The fighting marks the end of a ceasefire observed since March and could worsen the humanitarian crisis in the northern Tigray region.

Ethiopian National Defence Forces (ENDF) soldiers
Ethiopian National Defence Forces (ENDF) soldiers train in the field of Dabat, 70km northeast of the city of Gondar, Ethiopia, on September 15, 2021 [File: Amanuel Sileshi/AFP]

Fighting has erupted between forces from Ethiopia’s rebellious northern region of Tigray and central government forces around the town of Kobo, residents and the spokesman for the Tigrayan forces said on Wednesday, ending a months-long ceasefire.

“I am hearing sound of heavy weapons starting from this morning,” a farmer in the Kobo area who did not wish to be named, told Reuters news agency. “Last week, I saw Amhara special forces and Fano [volunteer militia] heading to the front by bus.”

A second resident said he also heard heavy weapons and confirmed that in the past two days there had been major movement of Fano militia and special forces from the neighbouring Amhara region to the area.

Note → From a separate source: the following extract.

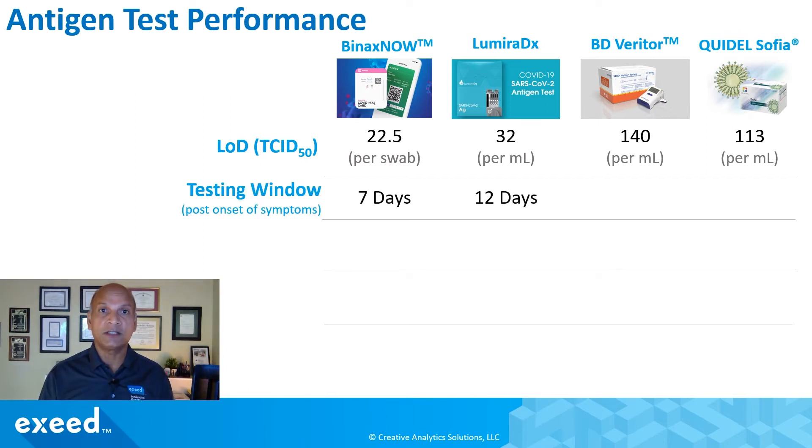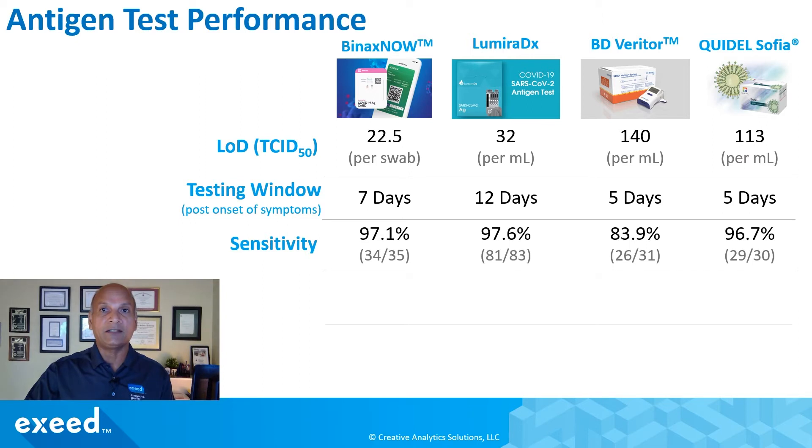The testing window — the time post onset of symptoms during which these tests work best — is very important. Binax Now is authorized for seven days, Lumira DX for 12 days, and BD Veritor and Quidel Sofia for five days. Sensitivity is about 97% for Binax Now, or about 84% for BD Veritor, but it's in the high 90s for most of these tests. This represents positive agreement — for example, 34 of 35 true positives were measured correctly, meaning one false negative.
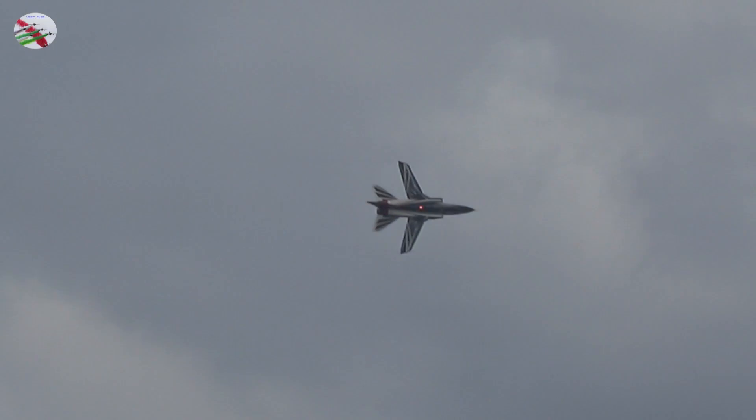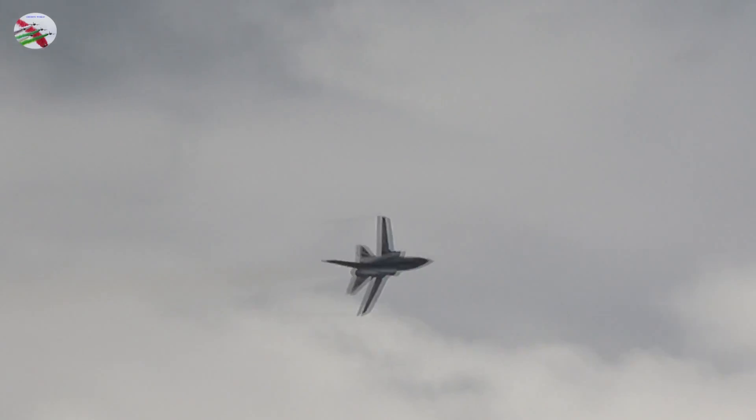Back at the center of the display line again. Here comes a roll under a turn, in which we can appreciate the high roll rate of the Tornado.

Ethiopian government spokesman Legesse Tulu, military spokesman Colonel Getnet Adane and prime minister’s spokeswoman Billene Seyoum did not respond to requests for comment.

Tigrai Television, a media outlet controlled by the Tigray state, reported on Wednesday: “The Ethiopian forces along with Amhara special forces and Amhara militias started a large-scale attack around 5am.”

The fighting marks the end of a ceasefire observed since March and comes as a big blow to attempts to start peace talks between Prime Minister Abiy Ahmed’s government and the Tigray People’s Liberation Front, the party that controls Tigray.

The fighting has displaced millions of people, pushed parts of the region into famine and killed thousands of civilians.

Earlier this month, the government said it wanted talks “with no preconditions”, while Tigray’s government has called for the restoration of services to civilians first.

Tigray has been without banking and telephone services since the federal military pulled out at the end of June. Imports of fuel are restricted, limiting the distribution of aid.